As a result of this, radical "reforms" (changes) were implemented, which the Second Vatican Council never called for.  These included everything from radical changes in Church architecture and liturgical restructuring, to significant changes in the way the Catholic Christian faith is taught and communicated.  The Holy Father, in the final week of his pontificate, has classified many of these changes as nothing short of "calamities" and "misfortunes" that have resulted in the closing of seminaries and a liturgy that has become "banal."  These words will come as shocking to many readers in the West, but they are not my words.  They come from the lips of the Holy Father himself.

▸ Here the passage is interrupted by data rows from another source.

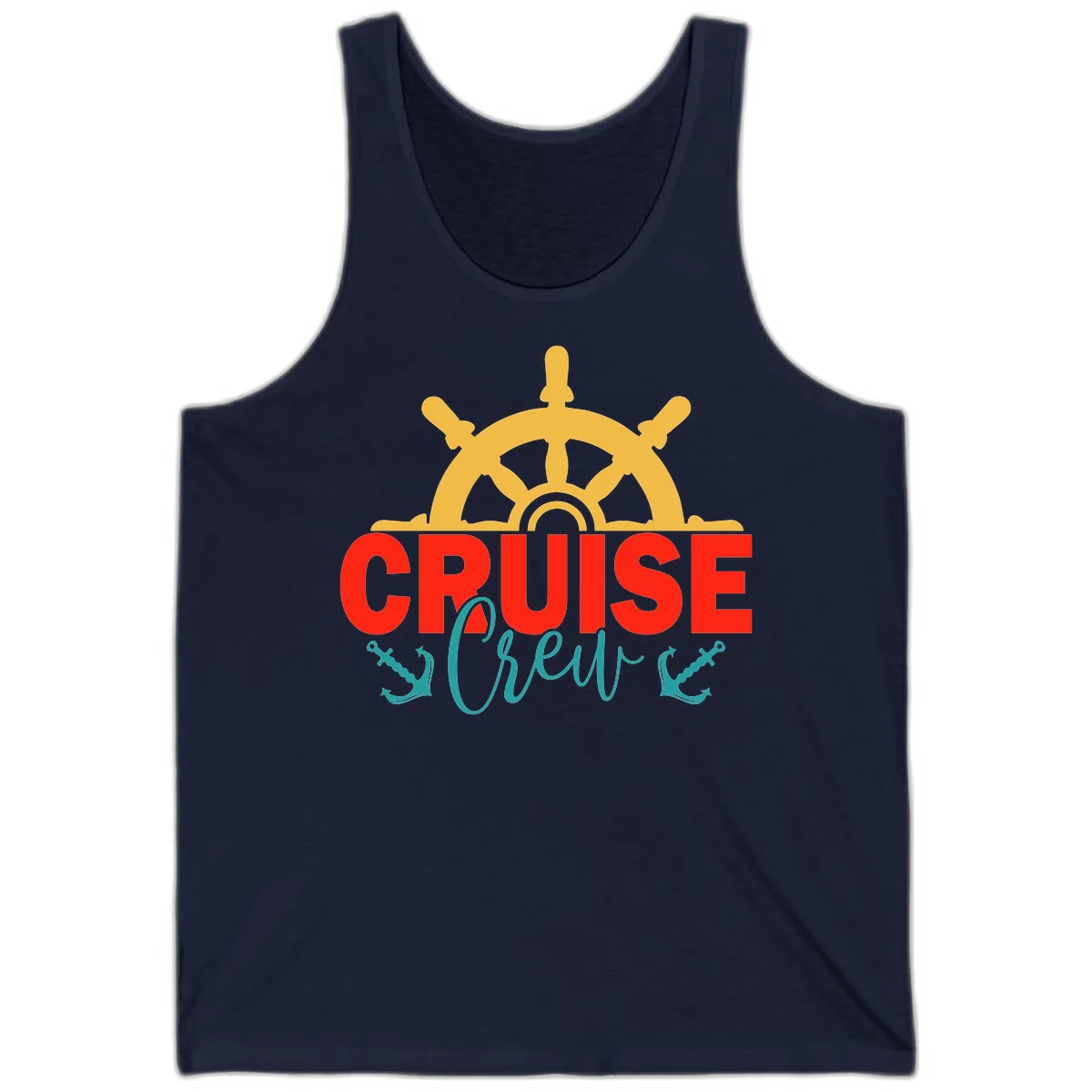 Cruise Shrek Nautical Wheel Design Tank in Navy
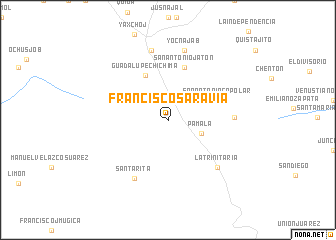 map of Francisco Saravia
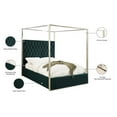 thumbnail image 3 of Porter Green Velvet King Bed-Color:Green Velvet,Style:Contemporary, 3 of 4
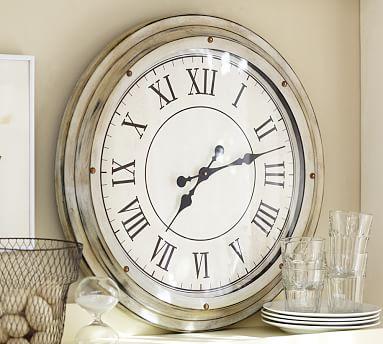 White Station Clock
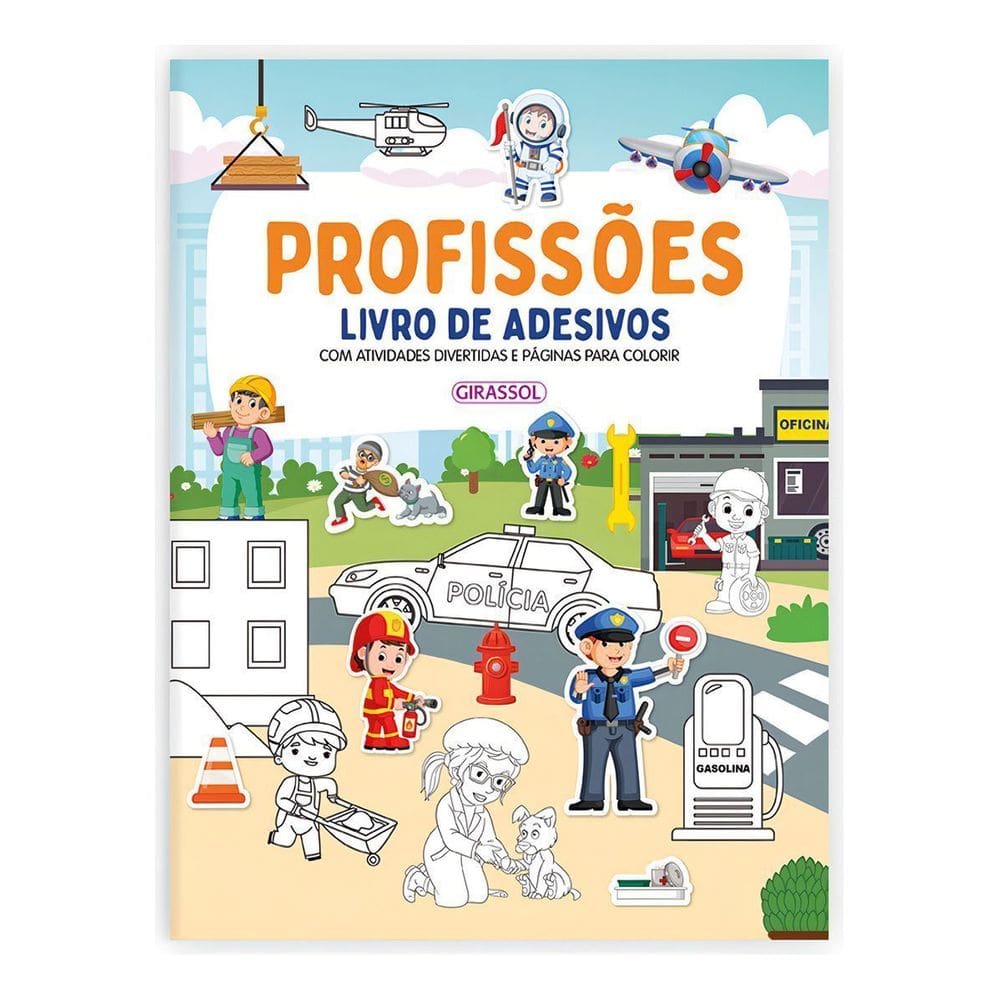 Profissões - Livro de Adesivos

Mixed with these words is a message of hope, that in spite of the temporary triumph of the "Virtual Council" created by the mainstream press, the true Council of the conciliar fathers is starting to break through, and will ultimately vanquish the "Virtual Council" of the media.

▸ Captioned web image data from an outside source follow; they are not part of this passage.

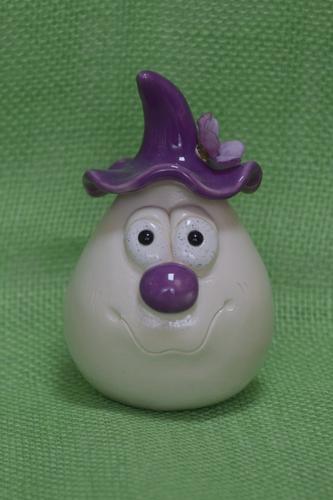 Wichtel lila, lila Blume
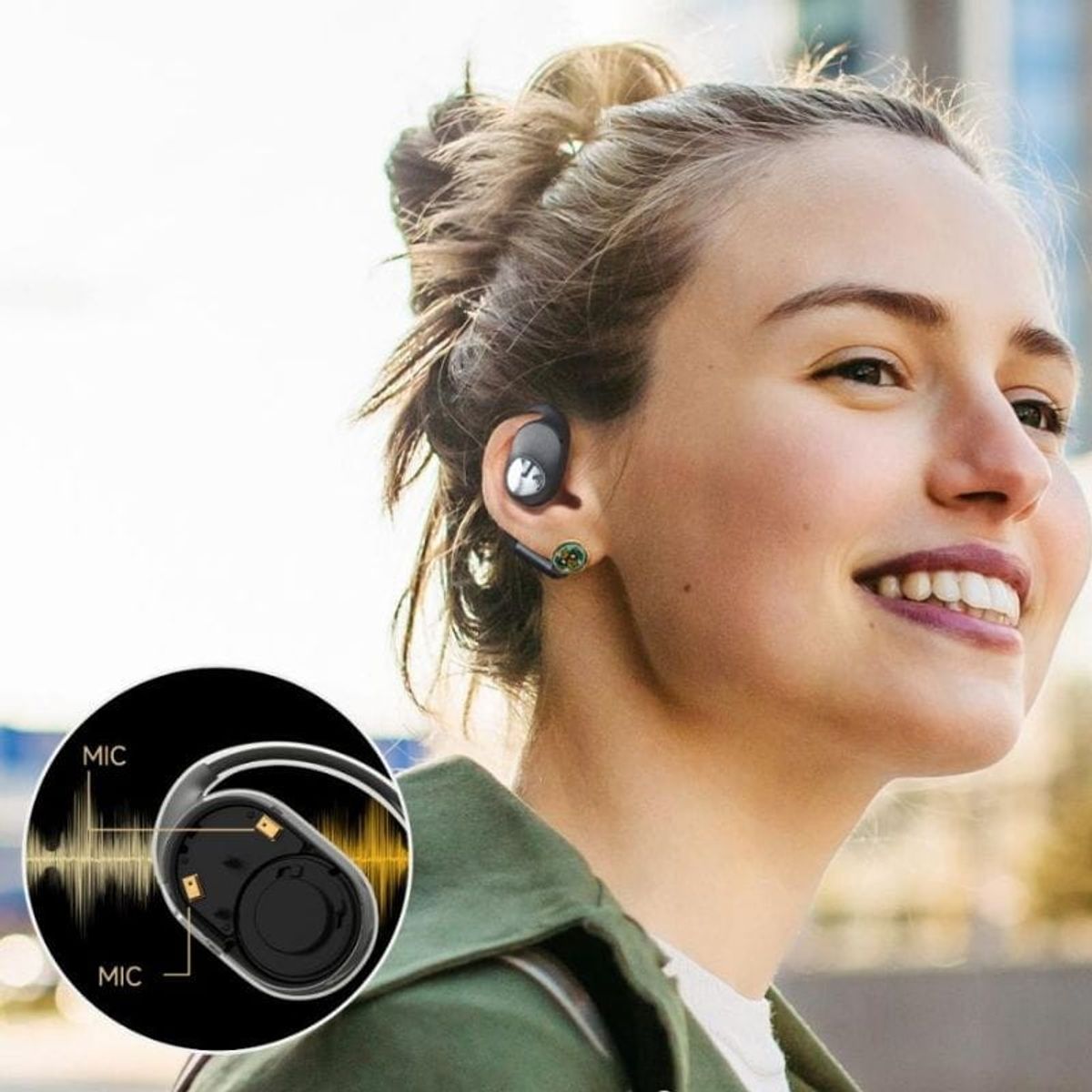 SOUNDPEATS - Auriculares SoundPEATS GoFree 2+ ENC IPX5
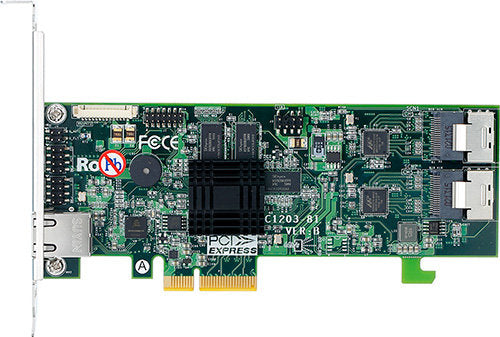 Areca ARC-1203-8i 8-port Int. PCIe 2.0 x4 6Gb/s SATA RAID  - 512MB DDR3 Cache - No Expander Support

We know what the results of the "Virtual Council" were.  They are all around us.  What, however, does the Holy Father mean when he speaks of the real Council, and the real reforms, that are beginning to take shape in the Church today?  For starters, let's look at the world of Blessed Pope John Paul II.  During his reign, he came under many pressures to "change" the Catholic faith, to make it more "accommodating" to the modern world.  Many wanted him to approve artificial contraception, the ordination of women, and completely eradicate all vestiges of the old liturgy.  He did none of these things, but quite the opposite actually.  He affirmed Pope Paul VI's teachings on artificial contraception, infallibly declared that the Church has no authority to ordain women, and created the Pontifical Commission of Ecclesia Dei, which would insure not only the survival, but the continued propagation of the traditional pre-conciliar liturgy.  Blessed John Paul II was followed by the current Holy Father, Pope Benedict XVI, who continued to build on John Paul II's legacy, adding his own reforms that expanded them.  Pope Benedict XVI also began reintroducing more traditional elements to the new liturgy, the Missal of Pope Paul VI, and affirmed in every way a message of continuity between the pre-conciliar and post-conciliar Church.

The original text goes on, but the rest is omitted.